La madrugada no miente. A esas horas, la ciudad muestra su verdadera cara: una mezcla de abandono, indiferencia y cobardía social. Por eso, este fin de semana, Yurimaguas nos lanzó a la cara una verdad brutal: estamos dejando morir la infancia. No lentamente, no con sutilezas, sino a plena vista… a la 1:00 a.m., en una calle oscura, vendiendo golosinas como si eso fuera normal.

La imagen recorrió las redes: un niño de unos 10 años, solo, caminando como si la niñez fuera un lujo prohibido. Un niño con una bolsa de dulces en la mano y el miedo como único acompañante. Ahí estaba, desvelado y vulnerable, mientras el mundo dormía sin culpa.

Cuando una persona, una de las pocas que todavía no ha perdido su humanidad, se acercó a preguntarle por qué seguía en la calle, ocurrió lo inevitable: el niño colapsó. No fue un llanto discreto. Fue un derrumbe.

Un llanto que exprimía terror, agotamiento y desesperación. Un llanto que ningún niño debería conocer. Y en medio del temblor de su frágil cuerpo, dijo: “No… no quiero ir a mi casa porque mi mamá me va a pegar. Ella me dijo que tengo que llegar con 50 soles… y solo vendí 25.”

No lloraba por sueño. No lloraba por frío. Lloraba porque tenía miedo de ser golpeado por su propia madre. Lloraba porque le exigieron producir dinero a la fuerza. Lloraba porque su casa no era casa: era amenaza, era castigo.

Ese niño no llevaba una mochila escolar.
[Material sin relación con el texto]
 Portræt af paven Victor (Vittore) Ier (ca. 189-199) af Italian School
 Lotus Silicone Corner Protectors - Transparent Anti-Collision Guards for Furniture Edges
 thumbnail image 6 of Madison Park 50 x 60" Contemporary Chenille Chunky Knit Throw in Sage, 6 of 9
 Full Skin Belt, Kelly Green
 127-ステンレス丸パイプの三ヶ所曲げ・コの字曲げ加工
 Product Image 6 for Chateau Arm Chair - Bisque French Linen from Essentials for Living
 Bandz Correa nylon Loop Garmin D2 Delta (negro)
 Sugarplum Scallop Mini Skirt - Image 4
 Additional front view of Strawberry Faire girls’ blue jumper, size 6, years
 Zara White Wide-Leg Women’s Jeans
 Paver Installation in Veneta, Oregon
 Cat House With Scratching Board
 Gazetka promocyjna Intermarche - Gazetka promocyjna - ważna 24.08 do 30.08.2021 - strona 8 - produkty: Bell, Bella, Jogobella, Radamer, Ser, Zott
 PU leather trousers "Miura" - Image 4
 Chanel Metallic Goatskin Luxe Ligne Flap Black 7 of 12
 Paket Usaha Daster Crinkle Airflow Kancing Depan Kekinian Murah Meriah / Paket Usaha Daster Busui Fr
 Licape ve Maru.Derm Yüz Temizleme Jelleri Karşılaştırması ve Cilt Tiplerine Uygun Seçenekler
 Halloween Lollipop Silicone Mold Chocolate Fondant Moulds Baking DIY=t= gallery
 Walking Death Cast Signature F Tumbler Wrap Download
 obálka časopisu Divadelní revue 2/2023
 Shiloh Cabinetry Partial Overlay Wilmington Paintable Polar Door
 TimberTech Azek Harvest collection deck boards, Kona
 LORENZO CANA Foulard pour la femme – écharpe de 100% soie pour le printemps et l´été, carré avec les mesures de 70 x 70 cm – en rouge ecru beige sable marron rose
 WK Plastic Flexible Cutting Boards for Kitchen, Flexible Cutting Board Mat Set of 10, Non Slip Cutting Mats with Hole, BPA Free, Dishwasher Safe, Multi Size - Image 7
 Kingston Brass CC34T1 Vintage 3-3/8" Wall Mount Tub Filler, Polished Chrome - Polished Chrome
Llevaba una carga impuesta por un adulto que decidió que su hijo es una herramienta de ingresos. Una decisión cruel. Un abuso sin disfraz.

Lo llevaron a la comisaría. La policía investiga explotación infantil. No hay otra palabra. No es solo maltrato. No es solo negligencia. Es explotación: obligar a un niño a trabajar bajo castigo físico. Punto.

Mientras él lloraba en una dependencia policial, la historia ya ardía en redes sociales. Entre comentarios indignados, apareció uno que marcaba un contraste doloroso: “Yo lo conozco al niño. Un día lo vimos en la plaza de Yurimaguas; estuvo jugando con mi hijo de 9 años, haciendo bailar el trompo y estaba tan feliz. Dijo que no estudiaba, que su mamá trabaja. Ya eran las 10 de la noche y él seguía vendiendo. ¿Cómo puedo hacer para verlo? Quiero ayudarlo.”

Ese niño, que juega, ríe y hace bailar un trompo con destreza, no puede mover su propio destino. Puede girar un trompo, pero no puede girar su suerte. Puede jugar unos minutos, pero luego vuelve a la realidad: vender, caminar, tener miedo.

Y aunque muchos quieran creer que estas historias son excepciones, no lo son. Están en cada plaza, en cada semáforo, en cada puerta de supermercado. Niños con la mirada apagada, viendo de reojo a otros niños que sí pueden ser niños. Esos que caminan seguros, tomados de la mano de sus padres, mientras los otros se aferran a una bolsa de caramelos como si fuera un escudo.

Siempre aparece el argumento fácil: “Yo también trabajé de niño. Ayudaba en la chacra, en el mercado…” No confundamos. Ayudar no es ser obligado. Colaborar no es ser explotado. Acompañar no es ser castigado si no se produce dinero.

Hay padres que llevan a sus hijos a trabajar porque no tienen con quién dejarlos. Eso es pobreza. Pero hay otros que se quedan en casa, viendo televisión, mientras su hijo camina en la madrugada vendiendo dulces con miedo a regresar sin cumplir la cuota.

Eso no es pobreza. Eso es violencia. Eso es abuso. Eso es explotación infantil ejercida desde el sillón de la sala.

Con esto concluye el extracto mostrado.